What the task asks
All of the data should be output character for character, except the pictures.

The data
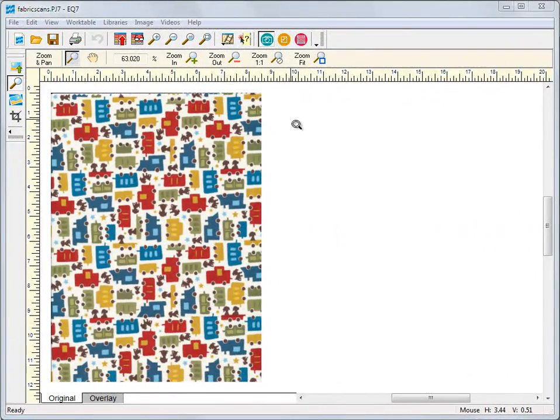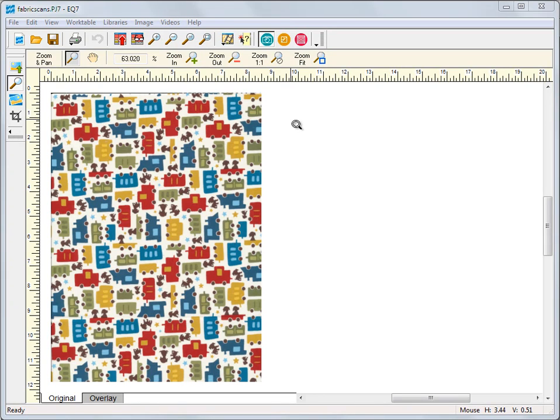Scanning fabrics and using them in EQ7 is so easy. Many people think it's too difficult or too time consuming to do. It's really not. It only takes a few minutes and is totally worth being able to use your own fabrics in your project.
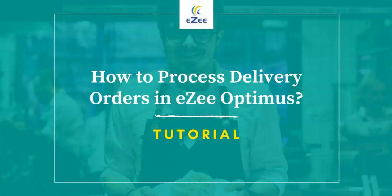Welcome to the video tutorial of EasyOptimus, a cloud-based restaurant management software. In this video, we will talk about delivery service and will see how it can be managed with EasyOptimus.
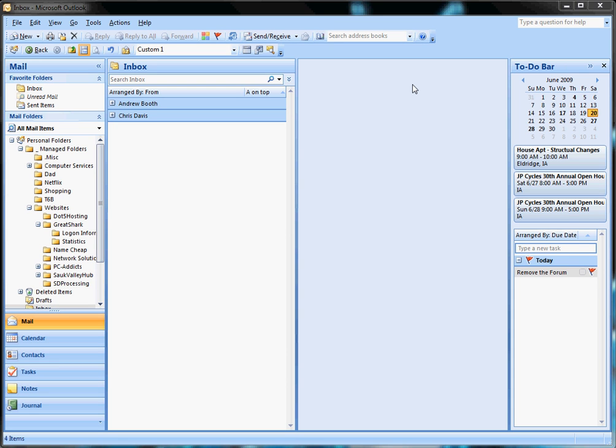Okay, I'm going to go over a few basic operations in Outlook 2007. A lot of these are going to be basic for a lot of people, so you may want to skip it, but it may help some other people out.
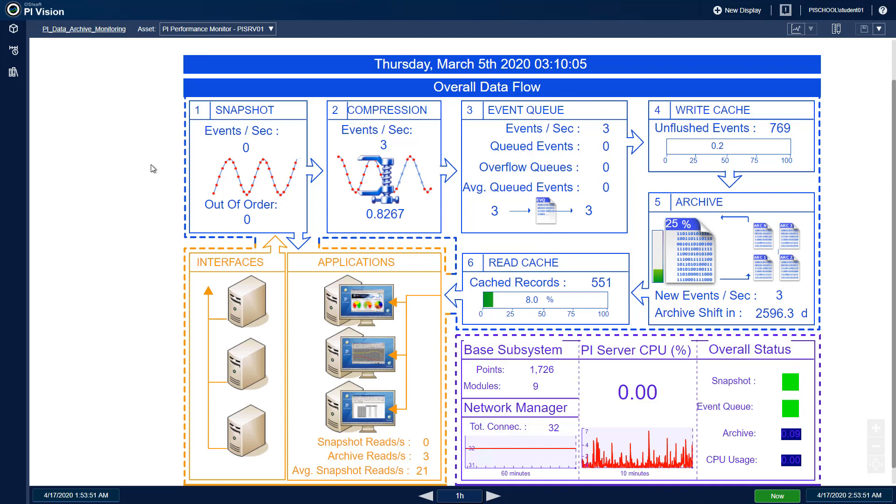Since we do have our end time easily visible in PI Vision, we will replace this information with a static header.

Exercise result
Scanning fabrics and using them in EQ7 is so easy. Many people think it's too difficult or too time consuming to do. It's really not. It only takes a few minutes and is totally worth being able to use your own fabrics in your project.
Welcome to the video tutorial of EasyOptimus, a cloud-based restaurant management software. In this video, we will talk about delivery service and will see how it can be managed with EasyOptimus.
Okay, I'm going to go over a few basic operations in Outlook 2007. A lot of these are going to be basic for a lot of people, so you may want to skip it, but it may help some other people out.
Since we do have our end time easily visible in PI Vision, we will replace this information with a static header.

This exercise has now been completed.